Redmond, Wash.-based Microsoft is counting on the idea that close ties to its ubiquitous Office products will help to rapidly grow the number of small businesses, typically identified as companies with 100 employees or less, interested in deploying CRM.
Among the specific tools that the CRM offering will include are bCentral Customer Manager, an online lead management service for small businesses, Great Plains Siebel Front Office, a co-branded offering for upper midmarket and medium enterprise customers, eEnterprise Field Service for mid-sized customers in the high-tech industry, and Solomon Service Series for medium-market customers in the HVAC and construction industries.
Slated to debut sometime during the fourth quarter of 2002, the applications also mark the first product Microsoft will release on its .NET platform. The .NET architecture is Microsoft's XML Web services platform aimed at letting applications communicate and share data over the Internet, regardless of operating system, device or programming language.
The much-anticipated arrival of Microsoft on the CRM landscape is sure to heat up competition among companies already targeting
"If you look at the amount of revenue that is currently generated in the small business area of the market it's not a sizeable amount, but we've been projecting that this is an area where there's going to be a lot of expansion," said Tom Topolinski, vice president of worldwide software applications at Gartner Dataquest. "Microsoft knows this and using .NET as a delivery vehicle they should be able to penetrate the low-end fairly successfully."
Topolinski estimates that the small business arena currently accounts for roughly 2% of the overall CRM market but said Microsoft's presence should help to fuel significant growth over the next several years.

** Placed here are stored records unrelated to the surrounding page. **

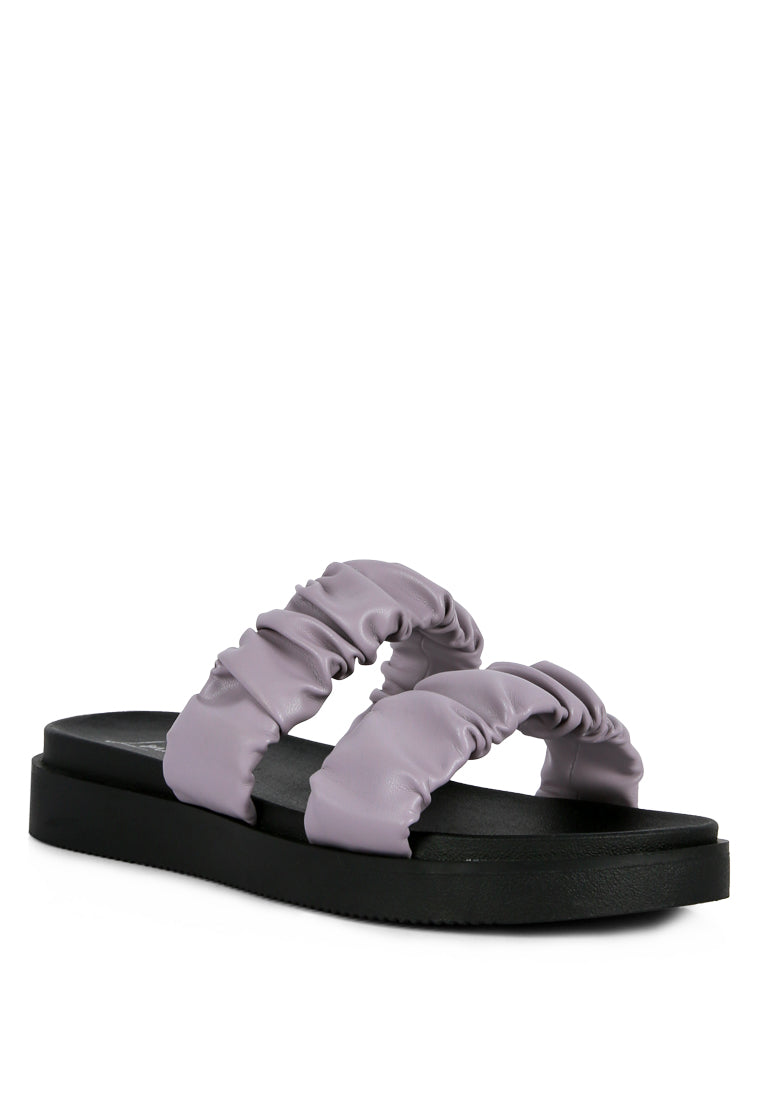 Stylish faux leather ruched strap platform sandals with padded insole and rubber outsole, perfect for casual wear.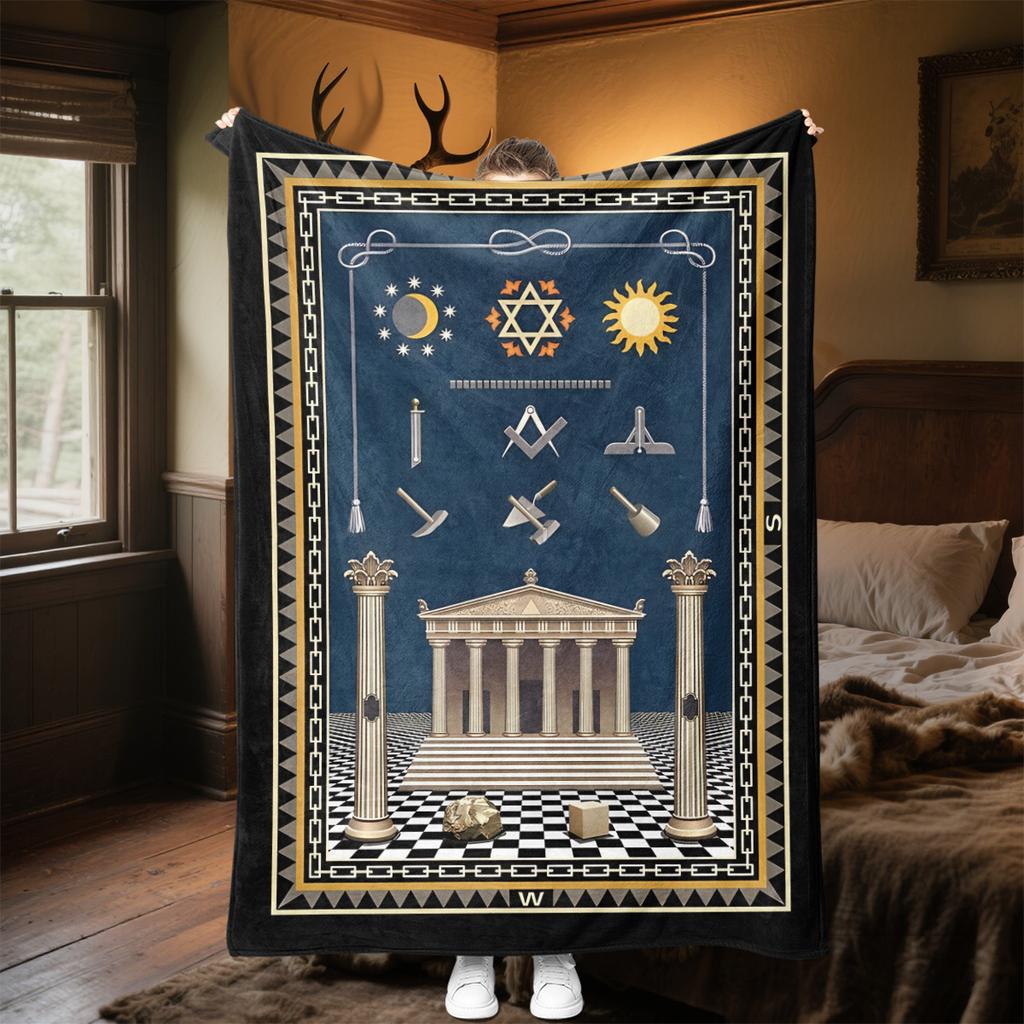 1PC Freemason Home Suitable All Seasons Soft Comfortable Blanket Sofa Office Travel Home Use Great Gift Idea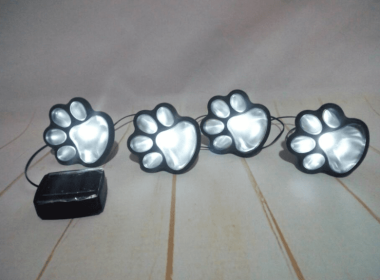 Outdoor 4 LED Solar Animal Paw Light Portable Lamp Solar Light Sensor Solar Energy Lamp Panel Camp Tent Fishing Garden Lighting (Color: White x5)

"It's a no frills application, we're talking basic functionality, but it's going to be low cost and the Siebels and Onyx Softwares of the world aren't prepared to sell into this space," he said. "It will stack up well against what's already on the market already."
The analyst also believes that tight integration to Microsoft's Office products and its Great Plains software, that already targets small-to-medium sized companies, will drive sales. But Topolinski warns that the basic nature of the first iteration of Microsoft's CRM software won't fit the needs of every business as some companies wait for greater customization functionality, likely to show up in later releases.
A threat to CRM partners?
Officials at least one of Microsoft's existing partners in the CRM space, Onyx Software Corp., Bellevue Wash., indicated that the firm's entrance to the market doesn't threaten their company's business. However, Onyx is already being mentioned as a company Microsoft may pursue through acquisition if it decides to move up into the enterprise sector.
"We know they'll make a lot of noise at the small end of the market, but we don't think they want to compete with companies like ourselves," said Eben Frankenberg, executive vice president at Onyx. "Microsoft will, of course, invest in growing its products but just how long it takes them to move into the mid-market remains to be seen."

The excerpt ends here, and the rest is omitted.